The Great Carpet Swap of 2015

Mrs. Pad and I are still waiting with bated breath (she never did tell me what it is we're attempting to bait, exactly) for the new carpet to be installed throughout the house. The precise style of carpet we wanted was not in stock at the retailer, so we've had to wait up to two weeks for the big day. As Inigo Montoya said on several occasions, "I hate waiting."

As the days wear on, I have become convinced something -- something! -- is going to derail my order and delay my carpet. Here are what I consider to be the Top 10 most likely reasons the retailer will provide for me not getting my carpet in a timely manner:

  1. My contact information on the order was wrong so they called to tell me they couldn't call to tell me the order was delayed.
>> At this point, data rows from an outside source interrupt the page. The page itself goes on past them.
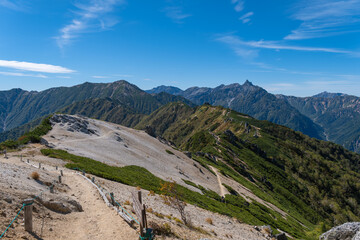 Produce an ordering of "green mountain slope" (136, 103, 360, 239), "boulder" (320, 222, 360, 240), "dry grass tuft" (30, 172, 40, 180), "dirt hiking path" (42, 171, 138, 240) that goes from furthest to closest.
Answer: "green mountain slope" (136, 103, 360, 239)
"boulder" (320, 222, 360, 240)
"dry grass tuft" (30, 172, 40, 180)
"dirt hiking path" (42, 171, 138, 240)

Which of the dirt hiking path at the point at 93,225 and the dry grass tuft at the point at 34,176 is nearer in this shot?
the dirt hiking path at the point at 93,225

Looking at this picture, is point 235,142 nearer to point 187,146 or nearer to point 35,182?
point 187,146

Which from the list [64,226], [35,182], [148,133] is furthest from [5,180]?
[148,133]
  2. There was a mix-up with the paperwork and I somehow ended up with someone else's 1970s olive green shag pile rug meant for the floor of their Mystery Machine.
  3. A freak blizzard in Derka-Derkastan wilted all the pet stain-resistant carpeting there, so my carpet suddenly became worth its weight in gold and the entire stock was sold to the Derka-Derkastanis overnight. 
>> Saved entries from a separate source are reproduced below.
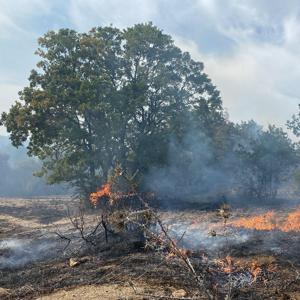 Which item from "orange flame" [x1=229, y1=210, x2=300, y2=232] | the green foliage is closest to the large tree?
the green foliage

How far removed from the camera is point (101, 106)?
2998 cm

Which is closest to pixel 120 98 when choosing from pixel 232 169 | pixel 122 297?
pixel 232 169

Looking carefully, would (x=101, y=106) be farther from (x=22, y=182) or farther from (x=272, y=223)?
(x=22, y=182)

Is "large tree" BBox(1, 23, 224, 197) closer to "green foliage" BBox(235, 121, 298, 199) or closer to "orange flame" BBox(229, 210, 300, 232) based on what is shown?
"green foliage" BBox(235, 121, 298, 199)

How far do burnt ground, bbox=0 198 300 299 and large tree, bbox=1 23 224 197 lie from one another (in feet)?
43.7

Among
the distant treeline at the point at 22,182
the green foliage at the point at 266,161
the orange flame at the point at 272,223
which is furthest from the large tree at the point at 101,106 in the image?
the distant treeline at the point at 22,182

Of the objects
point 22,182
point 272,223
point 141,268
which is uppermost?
point 22,182

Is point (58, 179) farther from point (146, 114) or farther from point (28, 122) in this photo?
point (146, 114)

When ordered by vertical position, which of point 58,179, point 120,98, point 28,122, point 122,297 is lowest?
point 122,297

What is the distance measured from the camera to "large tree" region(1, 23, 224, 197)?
30109 millimetres

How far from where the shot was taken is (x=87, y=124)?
3147cm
  4. <Waves hand> "These aren't the polypropylene fibers you're looking for."
  5.  There was a nuclear explosion at the carpet factory caused by a headstrong, aspirational young technician experimenting with creating seven-twirl carpet fibers instead of the usual six.
  6. The Lobster People from Planet Neptune used the distribution warehouse as the staging zone for their eventual conquest of Earth.
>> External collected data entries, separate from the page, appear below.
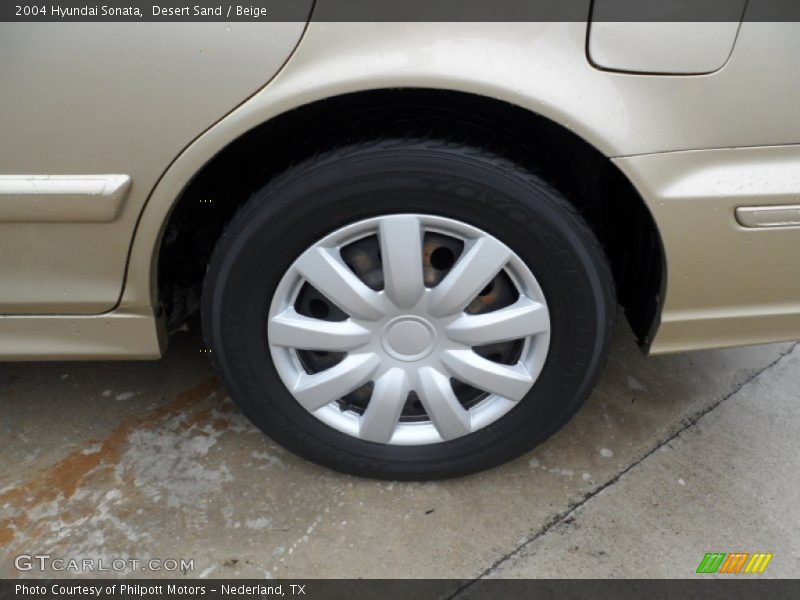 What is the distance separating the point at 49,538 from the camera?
1742 mm

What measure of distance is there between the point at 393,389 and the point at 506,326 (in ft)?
1.08

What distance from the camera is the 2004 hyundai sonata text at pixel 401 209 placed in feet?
4.51

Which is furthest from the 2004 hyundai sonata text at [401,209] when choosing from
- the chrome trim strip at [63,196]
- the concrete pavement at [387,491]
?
the concrete pavement at [387,491]

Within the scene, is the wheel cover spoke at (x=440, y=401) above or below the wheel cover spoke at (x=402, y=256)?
below

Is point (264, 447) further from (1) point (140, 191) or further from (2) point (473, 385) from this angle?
(1) point (140, 191)

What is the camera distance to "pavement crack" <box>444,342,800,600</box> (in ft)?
5.53

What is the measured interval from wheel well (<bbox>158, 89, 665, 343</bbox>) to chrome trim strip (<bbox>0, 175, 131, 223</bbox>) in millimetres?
181

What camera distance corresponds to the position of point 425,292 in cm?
161

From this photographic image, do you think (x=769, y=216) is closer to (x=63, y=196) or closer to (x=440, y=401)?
(x=440, y=401)

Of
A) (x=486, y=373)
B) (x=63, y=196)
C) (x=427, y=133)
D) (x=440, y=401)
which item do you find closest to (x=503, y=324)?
(x=486, y=373)

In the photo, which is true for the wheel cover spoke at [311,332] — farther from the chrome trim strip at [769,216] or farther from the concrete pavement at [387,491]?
the chrome trim strip at [769,216]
  7. A feral herd of velociraptors used my carpet as a scratching post.
  8. A giant, mutant hamster decided to use my carpet as a booty call.
  9. ISIS suddenly decided Stainmaster carpet makes an especially sexy burkha, so they seized every carpet factory in the Western hemisphere using pickup trucks and XACTO knives.
  10. Global warming. You know -- global warming, man.
I would like to think none of these things will come between me and my carpet, but we shall see.